Tesla held the top spot in global electric car sales last year, but will it last?
That’s the question on lips as Volkswagen prepares to ramp up its electric vehicle production efforts. The automaker is aiming to produce one million electric cars per year by 2022, more than the near-790,000 Tesla vehicles ever delivered in the company’s history. UBS autos analyst Patrick Hummel went as far as to tell Reuters Monday that, by 2025, the Volkswagen Group will be the number one global electric vehicle producer, while Tesla stays as a niche automaker.
It’s a bold claim, particularly as Tesla ramps up production and prepares to launch new features for its existing fleet.
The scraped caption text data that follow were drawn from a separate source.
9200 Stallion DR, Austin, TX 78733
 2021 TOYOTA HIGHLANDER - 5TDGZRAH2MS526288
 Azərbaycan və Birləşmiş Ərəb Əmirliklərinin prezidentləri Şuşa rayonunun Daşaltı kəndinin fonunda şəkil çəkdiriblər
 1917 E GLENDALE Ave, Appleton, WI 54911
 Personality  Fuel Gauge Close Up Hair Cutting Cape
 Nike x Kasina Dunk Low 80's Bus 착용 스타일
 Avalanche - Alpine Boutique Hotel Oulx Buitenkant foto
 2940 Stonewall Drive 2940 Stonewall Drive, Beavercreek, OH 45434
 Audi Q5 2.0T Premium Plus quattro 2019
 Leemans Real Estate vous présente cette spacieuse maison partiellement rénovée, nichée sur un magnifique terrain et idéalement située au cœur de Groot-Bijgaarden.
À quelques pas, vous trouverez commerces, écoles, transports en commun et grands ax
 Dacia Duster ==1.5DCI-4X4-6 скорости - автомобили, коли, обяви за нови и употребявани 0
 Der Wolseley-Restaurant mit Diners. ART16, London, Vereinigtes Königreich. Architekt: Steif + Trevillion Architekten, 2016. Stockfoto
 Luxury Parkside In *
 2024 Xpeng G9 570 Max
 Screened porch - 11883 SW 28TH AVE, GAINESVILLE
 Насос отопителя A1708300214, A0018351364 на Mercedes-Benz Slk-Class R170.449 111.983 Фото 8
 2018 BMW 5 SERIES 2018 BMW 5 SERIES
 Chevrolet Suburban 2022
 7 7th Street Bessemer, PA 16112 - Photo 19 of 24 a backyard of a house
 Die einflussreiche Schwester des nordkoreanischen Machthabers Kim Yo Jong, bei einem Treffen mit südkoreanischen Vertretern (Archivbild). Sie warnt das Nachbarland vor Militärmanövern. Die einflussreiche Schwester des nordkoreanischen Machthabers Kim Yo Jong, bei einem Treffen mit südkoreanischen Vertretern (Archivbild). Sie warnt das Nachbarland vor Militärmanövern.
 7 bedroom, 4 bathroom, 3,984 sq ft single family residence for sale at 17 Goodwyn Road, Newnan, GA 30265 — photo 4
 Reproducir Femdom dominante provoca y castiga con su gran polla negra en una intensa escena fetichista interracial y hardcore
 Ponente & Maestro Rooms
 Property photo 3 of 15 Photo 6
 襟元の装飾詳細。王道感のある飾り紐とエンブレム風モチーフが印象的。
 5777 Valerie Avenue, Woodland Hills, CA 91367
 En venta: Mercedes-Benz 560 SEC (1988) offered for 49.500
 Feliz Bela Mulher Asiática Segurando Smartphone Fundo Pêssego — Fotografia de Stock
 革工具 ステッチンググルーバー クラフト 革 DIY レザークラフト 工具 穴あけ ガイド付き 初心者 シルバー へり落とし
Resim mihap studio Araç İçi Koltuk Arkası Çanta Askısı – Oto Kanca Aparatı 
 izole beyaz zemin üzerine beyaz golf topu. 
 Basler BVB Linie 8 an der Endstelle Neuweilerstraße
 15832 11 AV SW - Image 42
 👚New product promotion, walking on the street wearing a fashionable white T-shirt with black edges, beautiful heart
The company is planning to launch the Model Y compact SUV, second-generation Roadster, Semi truck and a Pickup Truck in the coming years. It’s set to launch a feature-complete version of its autonomous driving system for cars produced after October 2016, paving the way for a robot taxi service that could take on the likes of Uber. It’s even floated the prospect of bringing more of the battery production process into its company, streamlining the process and possibly unlocking batteries with even better density.
Nonetheless, the electric vehicle future for Volkswagen — which just four years ago was at the heart of an emissions cheating scandal — looks particularly bright. Here’s how the company is planning to become a big player in the space.
Volkswagen: how it’s preparing for the electric car future
Volkswagen is planning a broad production strategy. Reuters noted on Monday that the company is aiming to spend $33.24 billion to push into e-mobility by 2023.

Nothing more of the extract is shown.